Shares of Precinct Properties New Zealand earned an upgrade from Morningstar following the commercial property investor's deal, announced last week, to sell 50 per cent of the ANZ Centre in Auckland's central business district for $181 million.

Morningstar "slightly increased" rental growth expectations on upcoming lease renewals while it raised its fair value estimate for the stock by 4 per cent to $1.37, up from $1.33 previously, analyst Tony Sherlock said in a July 5 note. The company's agreement on the ANZ Centre is a 12 per cent premium to the last valuation in June 2017, Sherlock noted.

Shares of Precinct rose 1.1 per cent to close at $1.36 on Thursday. The stock has gained 15.1 per cent in the year, compared with an 18.8 percent return for the country's S&P/NZX 50 Index.

"Office vacancy rates continue to fall in Auckland," Sherlock noted.

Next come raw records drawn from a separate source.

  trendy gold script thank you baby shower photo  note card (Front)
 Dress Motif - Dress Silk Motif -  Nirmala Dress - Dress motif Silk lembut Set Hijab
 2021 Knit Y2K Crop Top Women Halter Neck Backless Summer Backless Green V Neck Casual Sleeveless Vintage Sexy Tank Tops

The prime-grade CBD office vacancy rate is 4.3 per cent "and trending down, leaving few options for tenants and putting upwards pressure on rents in the near term."


"The very low vacancy rate in the Auckland CBD market will benefit Precinct for an extended period as Precinct is both delivering and controlling the timing of much of the upcoming new supply," according to Sherlock.

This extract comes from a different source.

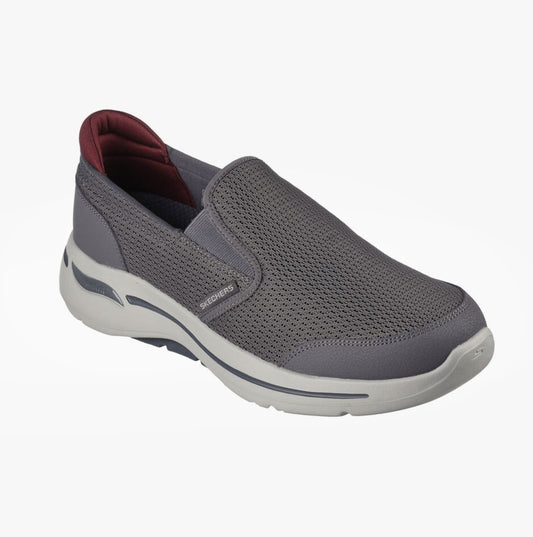 Skechers GO WALK ARCH FIT - ROBUST COMFORT Mens Slip - On Trainers Charcoal/Grey - Shuperb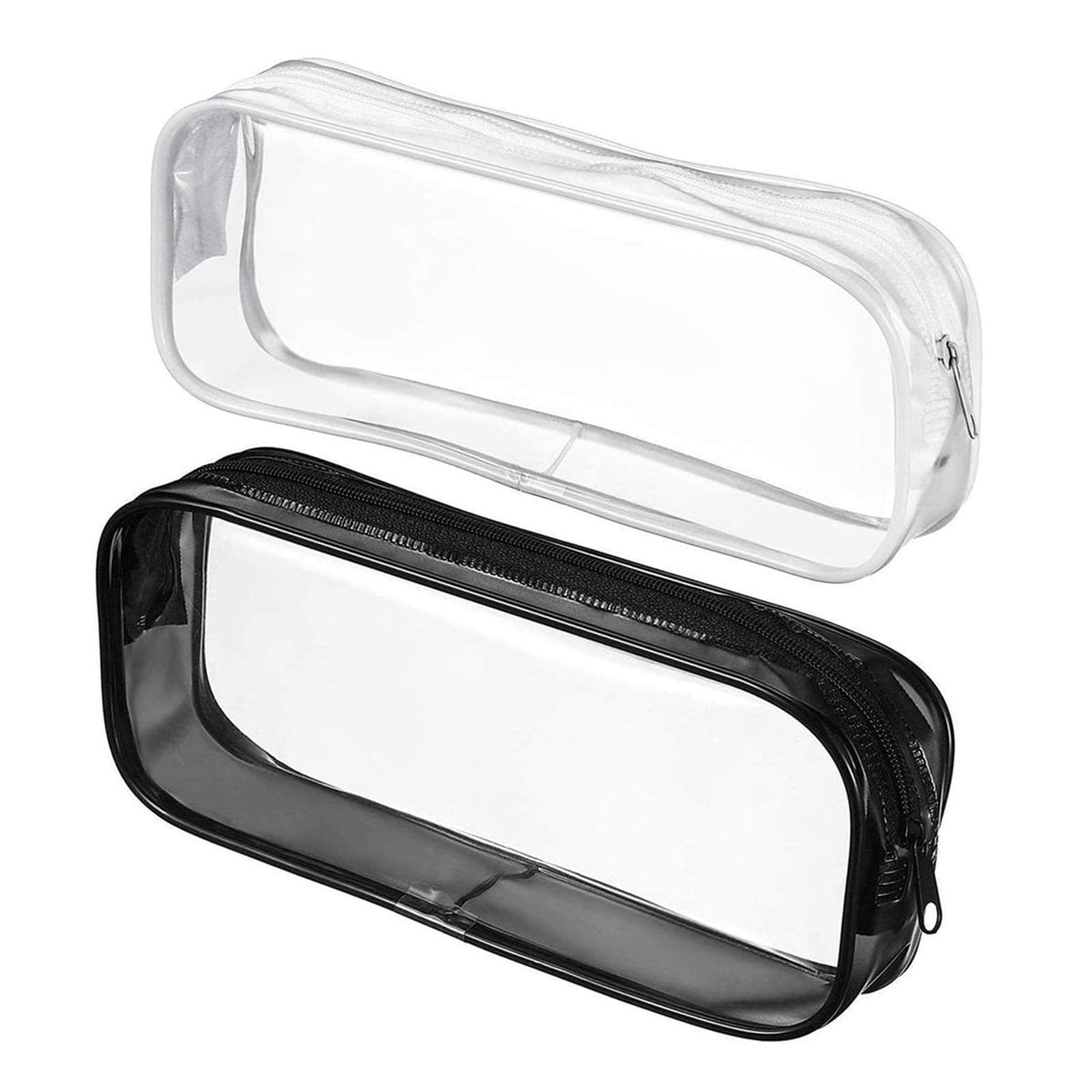 Juxiamal 2-Pack Clear Cosmetic Bags with Zipper – Multi-Use Travel Makeup Brush Cases, Toiletry Pouches, Pencil Cases for School (Black & White) - görsel 1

He pointed to the company's new premium grade office at Commercial Bay, for which construction is set to complete in the second half of 2019, as the major new addition to Auckland's office stock.

While Precinct has garnered commitments for 66 percent of the building, leaving some residual risk, Sherlock said he is confident the building's office component of the development "will be close to 100 percent committed" on completion.

"We see low risk of new competing supply mainly due to a spike in construction costs since Precinct commenced its major development at Commercial Bay," Sherlock said.

"By extension, we forecast Precinct will lock in high rent of medium to long durations, with a low probability of oversupply putting downward pressure on rents in the medium term."